Thought of that, tried that. Two problems:

Since extern structs are C-ABI compatible smallest type size is 1 byte. I need 1 bit.
Arrays are still not packed. Each element has it’s own byte
Still thanks for your help, though

chung-leong · January 15, 2026, 8:06pm

Packed structs themselves are allowed inside packed struct if memory serves. Maybe that can be used to model a matrix? Just use numeric field names a la tuple.

vulpesx · January 16, 2026, 4:50am

this is subject to change, the backend has complete control over what a vector is, including whether it is packed or not.

It is an implementation detail that shouldn’t be relied on upon, and it will become a compiler error regardless of the backend in the future.

baltevl · January 22, 2026, 2:34pm

Hm, that’s interesting. Before posting here I had thought about the problem quite a bit but since I found a satisfying answer I saw it as a bit of a language quirk and nothing further. If using Vectors in packed structs is not guaranteed to work maybe it’s worth thinking about array in packed structs again. If I understand correctly the problem is the following:

topolarity on github (issue #10113):

Unfortunately, if standard array ordering is always used, a single large @byteSwap will not be a valid endianness conversion for packed structs containing arrays, and the correspondence of array elements to the struct layout might be unexpected.

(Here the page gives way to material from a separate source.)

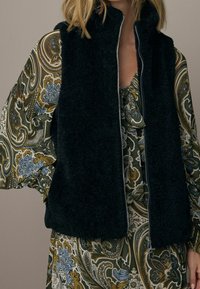 Zwart, pluizig vest met hoge kraag en volledige ritssluiting, gedragen over een kleurrijke jurk met een paisley-patroon in groen, blauw en bruine tinten.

For example:
const Foo= packed struct {
   x: i32,
   y: [2]i32,
};
With standard array ordering and this proposal Foo.y[1], not Foo.y[0], is adjacent to x on big-endian systems.

Currently implemented is 1. I might be wrong but if we just always use reverse ordering I think now we have the same problem with little-endian. So 2. is probably also not an option. 4. just sounds like a footgun. 3. on the other hand doesn’t sound to bad in my opinion. Building on this my idea was the following:
Arrays now have an order. Either ascending or descending (this naming is on purpose not something like default and reverse). If an order is specified we have a guarantee by the compiler to honor it. If no order is specified we have no guarantees about the in memory representation.
When using an array in a packed struct you have to specify an order.
Something like:

const assert = @import("std").debug.assert;

const a: [2]i32 = .{ 0, -1 }; // No ordering specified
const b: order(.ascending) [2]i32 = .{0, -1};
const c: order(.descending) [2]i32 = .{0, -1}; 
assert(&b[1] == @ptrFromInt(@intFromPointer(&b) + 4);
assert(&c[1] == @ptrFromInt(@intFromPointer(&c) - 4);

For most use cases this doesn’t change anything except that you have no guaranteed memory layout. This shouldn’t matter though because if you want a guaranteed layout you can just use order().

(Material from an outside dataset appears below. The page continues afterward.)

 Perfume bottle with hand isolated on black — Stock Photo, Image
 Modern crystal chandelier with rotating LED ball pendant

Any opinions? Is this just some very specific use case and it’s okay that this is awkward or is this actually a problem worth solving?

vulpesx · January 22, 2026, 3:17pm

My thoughts are we should just have (explicitly) packed arrays, yes it will be bitpacked (petition to make that the keyword :p).

const Foo = packed struct {
    x: i32,
    y: packed [2]i32,
};

It’s also convenient to reuse a keyword, instead of adding a new one. packed makes sense semantically here.

I think it makes sense for packed arrays to follow the same semantics of packed struct/union, That being least significant → most significant bits, with the mapping of bits → type being native endian.

When using for protocols, you already have to deal with what endian the protocol uses.

If just internally used within your code, you have the control to do whatever you want.

Indexing in reverse order is trivial maths; if you need/want to be smart with larger memory operations, you are either restricted by a protocol, or you have the control to make it work how you want.
If you have a conflict between multiple fancy operations, you would have that regardless of if arrays had built-in ordering.

So I don’t think there is much benefit in having ordering on arrays, even if it’s limited to packed arrays.

pachde · January 22, 2026, 5:06pm

AFAIK that is an approved proposal, and I just saw a pr go by on the bot channel watching issues someone made in that direction.